▶ [TASK]: Each line in the entries below that contains the word "画像ギャラリー" counts once. Report how many there are and nothing more.

SUPPLIED MATERIAL Block Start

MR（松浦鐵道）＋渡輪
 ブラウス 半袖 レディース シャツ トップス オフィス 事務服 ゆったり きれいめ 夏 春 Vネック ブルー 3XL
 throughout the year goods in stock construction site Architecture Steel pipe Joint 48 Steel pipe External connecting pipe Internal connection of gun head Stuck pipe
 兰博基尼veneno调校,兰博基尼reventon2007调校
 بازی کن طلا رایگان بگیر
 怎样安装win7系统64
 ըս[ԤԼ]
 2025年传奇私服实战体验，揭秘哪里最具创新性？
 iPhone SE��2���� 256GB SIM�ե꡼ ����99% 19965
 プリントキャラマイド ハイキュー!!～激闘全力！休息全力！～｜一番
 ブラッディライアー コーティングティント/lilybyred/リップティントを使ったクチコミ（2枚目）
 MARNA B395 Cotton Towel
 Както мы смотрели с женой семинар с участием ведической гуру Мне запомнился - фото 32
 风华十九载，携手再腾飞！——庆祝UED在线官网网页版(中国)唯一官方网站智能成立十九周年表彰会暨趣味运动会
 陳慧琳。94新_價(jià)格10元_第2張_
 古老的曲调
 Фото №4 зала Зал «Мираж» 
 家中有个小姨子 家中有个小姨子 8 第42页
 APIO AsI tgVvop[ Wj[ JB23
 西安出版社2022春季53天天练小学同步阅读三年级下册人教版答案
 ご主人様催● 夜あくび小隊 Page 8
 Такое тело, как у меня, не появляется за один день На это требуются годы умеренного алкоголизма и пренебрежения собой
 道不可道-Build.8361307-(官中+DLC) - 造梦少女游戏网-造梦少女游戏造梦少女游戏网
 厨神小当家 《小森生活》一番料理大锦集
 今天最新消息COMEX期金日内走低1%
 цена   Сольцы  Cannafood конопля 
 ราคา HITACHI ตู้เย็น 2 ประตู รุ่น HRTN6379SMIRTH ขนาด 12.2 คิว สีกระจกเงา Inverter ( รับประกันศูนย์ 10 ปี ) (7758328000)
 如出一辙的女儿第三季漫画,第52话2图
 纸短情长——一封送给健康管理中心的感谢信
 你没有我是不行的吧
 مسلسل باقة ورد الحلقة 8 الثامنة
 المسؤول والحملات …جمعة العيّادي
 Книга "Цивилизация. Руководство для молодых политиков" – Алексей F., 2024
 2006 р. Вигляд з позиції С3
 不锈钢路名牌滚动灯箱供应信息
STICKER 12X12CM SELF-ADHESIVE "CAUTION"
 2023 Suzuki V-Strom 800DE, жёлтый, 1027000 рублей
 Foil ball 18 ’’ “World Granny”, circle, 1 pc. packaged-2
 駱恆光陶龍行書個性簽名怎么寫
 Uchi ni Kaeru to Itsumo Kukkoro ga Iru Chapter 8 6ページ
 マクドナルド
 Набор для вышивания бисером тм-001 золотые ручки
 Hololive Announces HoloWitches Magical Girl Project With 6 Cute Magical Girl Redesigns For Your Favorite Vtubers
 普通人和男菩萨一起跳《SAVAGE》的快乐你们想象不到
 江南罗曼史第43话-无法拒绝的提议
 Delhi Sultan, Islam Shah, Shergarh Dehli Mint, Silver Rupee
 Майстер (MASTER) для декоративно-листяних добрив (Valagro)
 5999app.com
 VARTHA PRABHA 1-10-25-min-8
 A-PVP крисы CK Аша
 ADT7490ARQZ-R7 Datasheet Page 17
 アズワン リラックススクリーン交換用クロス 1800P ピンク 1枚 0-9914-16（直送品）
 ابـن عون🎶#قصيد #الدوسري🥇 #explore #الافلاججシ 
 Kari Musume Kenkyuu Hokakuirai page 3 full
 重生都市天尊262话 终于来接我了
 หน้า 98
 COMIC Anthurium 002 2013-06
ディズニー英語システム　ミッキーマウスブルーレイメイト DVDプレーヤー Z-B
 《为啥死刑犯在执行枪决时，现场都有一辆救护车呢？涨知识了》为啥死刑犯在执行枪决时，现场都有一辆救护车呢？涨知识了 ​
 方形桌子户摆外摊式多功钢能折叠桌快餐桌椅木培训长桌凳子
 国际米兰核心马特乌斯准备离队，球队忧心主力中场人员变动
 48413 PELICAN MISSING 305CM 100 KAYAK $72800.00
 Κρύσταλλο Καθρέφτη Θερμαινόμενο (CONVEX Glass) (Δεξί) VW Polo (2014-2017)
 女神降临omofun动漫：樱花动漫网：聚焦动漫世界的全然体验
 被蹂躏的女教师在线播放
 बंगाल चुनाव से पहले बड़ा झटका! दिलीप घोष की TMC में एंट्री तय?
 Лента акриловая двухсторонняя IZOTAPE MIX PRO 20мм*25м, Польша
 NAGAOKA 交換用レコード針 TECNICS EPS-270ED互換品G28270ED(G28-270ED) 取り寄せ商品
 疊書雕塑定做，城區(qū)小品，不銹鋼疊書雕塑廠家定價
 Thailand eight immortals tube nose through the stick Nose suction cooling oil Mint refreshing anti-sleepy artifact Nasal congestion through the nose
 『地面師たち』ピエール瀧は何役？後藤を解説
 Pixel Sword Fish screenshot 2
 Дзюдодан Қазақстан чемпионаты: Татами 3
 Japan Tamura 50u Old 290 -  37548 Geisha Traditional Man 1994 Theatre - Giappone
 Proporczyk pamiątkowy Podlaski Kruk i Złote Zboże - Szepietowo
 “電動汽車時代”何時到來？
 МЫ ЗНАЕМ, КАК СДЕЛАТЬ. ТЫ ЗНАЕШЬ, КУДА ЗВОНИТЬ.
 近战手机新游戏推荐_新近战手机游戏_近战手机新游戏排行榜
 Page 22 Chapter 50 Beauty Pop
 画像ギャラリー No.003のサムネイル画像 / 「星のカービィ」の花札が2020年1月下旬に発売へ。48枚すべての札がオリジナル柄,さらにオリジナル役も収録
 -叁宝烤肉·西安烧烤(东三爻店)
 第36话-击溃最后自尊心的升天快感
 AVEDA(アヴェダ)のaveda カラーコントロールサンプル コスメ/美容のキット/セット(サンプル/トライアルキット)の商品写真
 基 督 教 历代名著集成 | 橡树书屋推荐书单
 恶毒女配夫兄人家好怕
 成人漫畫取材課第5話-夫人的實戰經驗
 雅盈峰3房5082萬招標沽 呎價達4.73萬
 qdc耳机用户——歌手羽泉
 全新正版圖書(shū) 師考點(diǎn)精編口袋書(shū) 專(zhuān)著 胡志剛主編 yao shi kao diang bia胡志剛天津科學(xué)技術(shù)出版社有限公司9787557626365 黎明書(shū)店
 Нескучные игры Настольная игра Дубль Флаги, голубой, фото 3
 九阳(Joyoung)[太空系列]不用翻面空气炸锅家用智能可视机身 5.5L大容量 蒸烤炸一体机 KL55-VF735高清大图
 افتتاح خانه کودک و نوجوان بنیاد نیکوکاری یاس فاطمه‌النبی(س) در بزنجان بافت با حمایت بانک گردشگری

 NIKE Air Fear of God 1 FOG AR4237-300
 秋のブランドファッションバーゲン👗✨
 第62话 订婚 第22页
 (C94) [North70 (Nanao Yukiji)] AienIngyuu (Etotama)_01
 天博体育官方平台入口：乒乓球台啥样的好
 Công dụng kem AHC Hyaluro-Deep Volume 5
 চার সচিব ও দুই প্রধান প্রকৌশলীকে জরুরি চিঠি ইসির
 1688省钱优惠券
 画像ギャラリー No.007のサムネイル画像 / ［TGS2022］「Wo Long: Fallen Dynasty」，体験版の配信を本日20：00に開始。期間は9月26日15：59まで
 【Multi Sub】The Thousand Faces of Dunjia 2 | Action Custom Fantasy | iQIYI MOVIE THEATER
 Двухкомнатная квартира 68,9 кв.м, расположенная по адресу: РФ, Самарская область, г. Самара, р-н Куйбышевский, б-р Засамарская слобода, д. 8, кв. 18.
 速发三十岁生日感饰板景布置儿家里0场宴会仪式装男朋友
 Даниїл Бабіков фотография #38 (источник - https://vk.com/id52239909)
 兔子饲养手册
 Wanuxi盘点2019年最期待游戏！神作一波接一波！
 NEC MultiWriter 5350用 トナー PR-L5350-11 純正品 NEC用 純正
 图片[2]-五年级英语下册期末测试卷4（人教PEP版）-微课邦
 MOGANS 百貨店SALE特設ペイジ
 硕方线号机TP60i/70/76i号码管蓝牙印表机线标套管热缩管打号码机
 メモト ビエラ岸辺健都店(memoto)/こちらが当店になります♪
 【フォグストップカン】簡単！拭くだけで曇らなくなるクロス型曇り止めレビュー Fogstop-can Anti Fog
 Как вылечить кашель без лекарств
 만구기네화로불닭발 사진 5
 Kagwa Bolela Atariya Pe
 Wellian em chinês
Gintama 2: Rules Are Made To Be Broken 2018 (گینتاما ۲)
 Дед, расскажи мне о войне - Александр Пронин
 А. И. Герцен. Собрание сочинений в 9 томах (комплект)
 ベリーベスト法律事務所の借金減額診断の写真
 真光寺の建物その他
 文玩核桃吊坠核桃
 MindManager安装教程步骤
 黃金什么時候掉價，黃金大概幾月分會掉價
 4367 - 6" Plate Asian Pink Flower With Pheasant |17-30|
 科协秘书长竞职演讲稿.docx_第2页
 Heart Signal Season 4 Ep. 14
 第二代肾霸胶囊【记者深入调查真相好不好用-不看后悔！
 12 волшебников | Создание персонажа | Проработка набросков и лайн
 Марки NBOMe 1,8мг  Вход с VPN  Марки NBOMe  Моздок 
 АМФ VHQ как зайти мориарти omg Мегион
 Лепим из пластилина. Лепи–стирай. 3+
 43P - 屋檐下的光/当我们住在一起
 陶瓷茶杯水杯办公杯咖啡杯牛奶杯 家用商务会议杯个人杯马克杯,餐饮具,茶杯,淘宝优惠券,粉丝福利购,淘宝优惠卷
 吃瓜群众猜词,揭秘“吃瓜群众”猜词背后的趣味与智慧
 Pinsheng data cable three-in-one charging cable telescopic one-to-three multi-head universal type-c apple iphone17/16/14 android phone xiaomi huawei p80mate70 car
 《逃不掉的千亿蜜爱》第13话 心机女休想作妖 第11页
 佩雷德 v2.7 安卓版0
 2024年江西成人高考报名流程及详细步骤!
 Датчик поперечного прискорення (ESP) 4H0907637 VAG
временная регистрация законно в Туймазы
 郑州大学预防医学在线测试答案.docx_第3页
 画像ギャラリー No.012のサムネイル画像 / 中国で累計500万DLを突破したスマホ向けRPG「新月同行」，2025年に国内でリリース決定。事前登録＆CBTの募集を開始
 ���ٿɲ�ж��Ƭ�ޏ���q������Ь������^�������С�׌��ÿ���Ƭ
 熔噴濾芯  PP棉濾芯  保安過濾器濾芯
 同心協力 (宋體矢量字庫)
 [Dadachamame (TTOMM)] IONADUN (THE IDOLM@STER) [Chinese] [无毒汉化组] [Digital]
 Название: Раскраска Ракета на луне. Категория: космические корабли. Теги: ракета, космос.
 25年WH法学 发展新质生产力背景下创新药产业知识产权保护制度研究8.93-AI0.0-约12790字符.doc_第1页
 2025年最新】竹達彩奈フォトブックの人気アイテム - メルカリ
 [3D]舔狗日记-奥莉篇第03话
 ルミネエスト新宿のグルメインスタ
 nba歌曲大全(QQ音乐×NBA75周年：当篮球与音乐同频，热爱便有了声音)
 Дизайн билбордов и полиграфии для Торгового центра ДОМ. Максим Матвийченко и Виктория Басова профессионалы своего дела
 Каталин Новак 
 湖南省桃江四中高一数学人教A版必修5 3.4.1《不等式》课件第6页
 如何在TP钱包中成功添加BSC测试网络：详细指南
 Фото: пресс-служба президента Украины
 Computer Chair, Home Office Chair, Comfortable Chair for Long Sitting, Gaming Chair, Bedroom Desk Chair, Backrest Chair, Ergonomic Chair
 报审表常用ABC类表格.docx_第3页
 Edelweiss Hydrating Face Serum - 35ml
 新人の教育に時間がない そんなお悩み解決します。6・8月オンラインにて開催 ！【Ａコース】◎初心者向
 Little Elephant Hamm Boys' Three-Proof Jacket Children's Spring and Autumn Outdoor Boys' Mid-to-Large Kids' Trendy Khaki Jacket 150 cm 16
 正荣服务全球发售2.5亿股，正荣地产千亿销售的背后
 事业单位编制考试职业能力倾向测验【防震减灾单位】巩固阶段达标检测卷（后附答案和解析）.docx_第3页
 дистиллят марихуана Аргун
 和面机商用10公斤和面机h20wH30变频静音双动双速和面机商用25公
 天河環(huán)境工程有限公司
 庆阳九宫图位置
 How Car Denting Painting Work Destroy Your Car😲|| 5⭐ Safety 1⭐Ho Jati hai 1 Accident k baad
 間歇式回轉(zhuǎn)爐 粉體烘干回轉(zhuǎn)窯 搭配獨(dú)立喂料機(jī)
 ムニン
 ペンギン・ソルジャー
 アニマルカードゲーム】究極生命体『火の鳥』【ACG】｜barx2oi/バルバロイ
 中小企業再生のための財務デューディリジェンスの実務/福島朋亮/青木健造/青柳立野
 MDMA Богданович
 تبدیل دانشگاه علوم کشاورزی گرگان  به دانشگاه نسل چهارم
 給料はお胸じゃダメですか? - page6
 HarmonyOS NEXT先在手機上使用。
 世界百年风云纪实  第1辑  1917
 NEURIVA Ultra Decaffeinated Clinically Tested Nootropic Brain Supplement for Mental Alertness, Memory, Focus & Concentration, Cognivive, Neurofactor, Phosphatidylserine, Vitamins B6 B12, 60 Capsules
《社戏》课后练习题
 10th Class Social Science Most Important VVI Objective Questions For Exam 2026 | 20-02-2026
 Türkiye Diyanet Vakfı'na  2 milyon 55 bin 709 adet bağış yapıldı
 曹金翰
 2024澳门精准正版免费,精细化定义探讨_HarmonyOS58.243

SUPPLIED MATERIAL Block End

▶ [ANSWER FOR THIS EXERCISE]: 3